Follow the steps below to set up the environment, process the data, and train the models.
It's recommended to use a virtual environment to manage dependencies and avoid conflicts across projects.
-
Create the virtual environment
Replacevenvwith your preferred environment name:python3 -m venv venv
-
Activate the virtual environment
-
Linux/macOS
source venv/bin/activate -
Windows
.\venv\Scripts\activate
-
-
Install project dependencies
pip install -r requirements.txt
-
Deactivate the virtual environment when you're done
deactivate
📌 Make sure you’re using Python 3.7 or higher. You can check your version with:
python3 --versionDownload the MARBLE dataset from the official website:
👉 MARBLE Dataset - EveryWareLab
Once downloaded, create a folder named dataset in the root directory of the project, and place the extracted MARBLE dataset inside. In addition, create a folder named all_data which will be used for data loading. Your folder structure should look like this:
Multimodal_Prediction/
├── dataset/
│ └── MARBLE/
│ └── dataset/
│ ├── A1a/
│ ├── A1e/
│ └── ...
├── all_data/
...
📝 Note: Make sure the dataset structure matches this layout exactly to avoid path errors during preprocessing.

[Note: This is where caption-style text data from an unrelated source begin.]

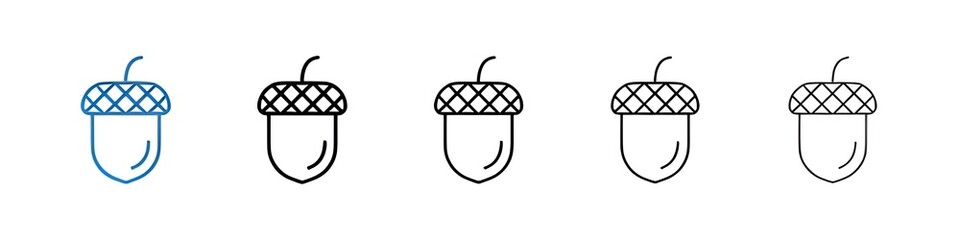 Acorn icons collection vectors for web ui. Thin line customizable illustration. Contour symbol. Vector isolated outline drawing. Editable stroke © Lovely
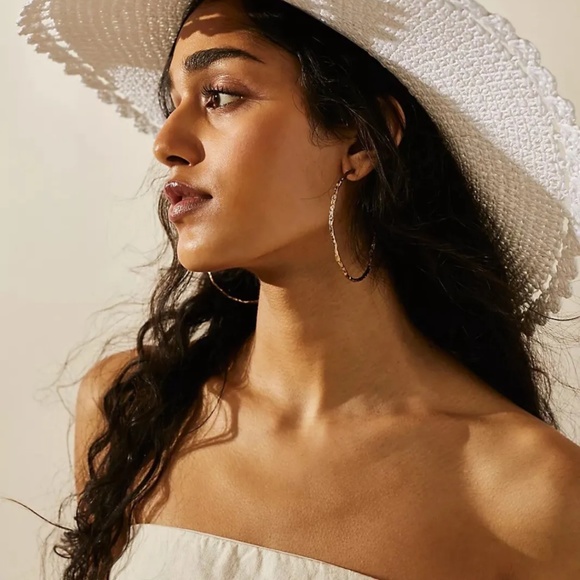 FREE PEOPLE Amelia Scalloped Crochet Sun Hat White - Picture 1 of 4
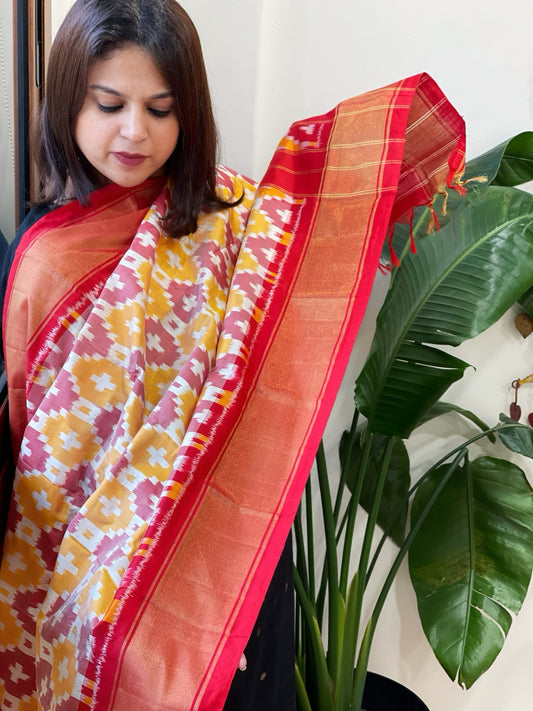 Yellow, Maroon Handwoven Ikat Dupatta in Pure Silk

Run the preprocessing script from the root directory to process the raw MARBLE data:
python data_preprocess.py --marble_dataset_path="./dataset/MARBLE/dataset"
This will generate synchronized sensor data and natural language summaries used for model training and evaluation.
Run the processing script to process the synced MARBLE data:
python data_process.py --synced_marble_data_path="./all_data/synced_marble_data.csv" --save_path="./all_data"
This will generate the .joblib and .npy files necessary for data loading.
Run the main script for model training and evaluation.
python main.py --imu_joblib_file="./all_data/MARBLE_IMU.joblib" --embeddings_dir="./all_data/" --sentence_encoder="all-MiniLM-L12-v2" --batch_size=250 --train --evaluate="fusion"
This will load the data and train the models.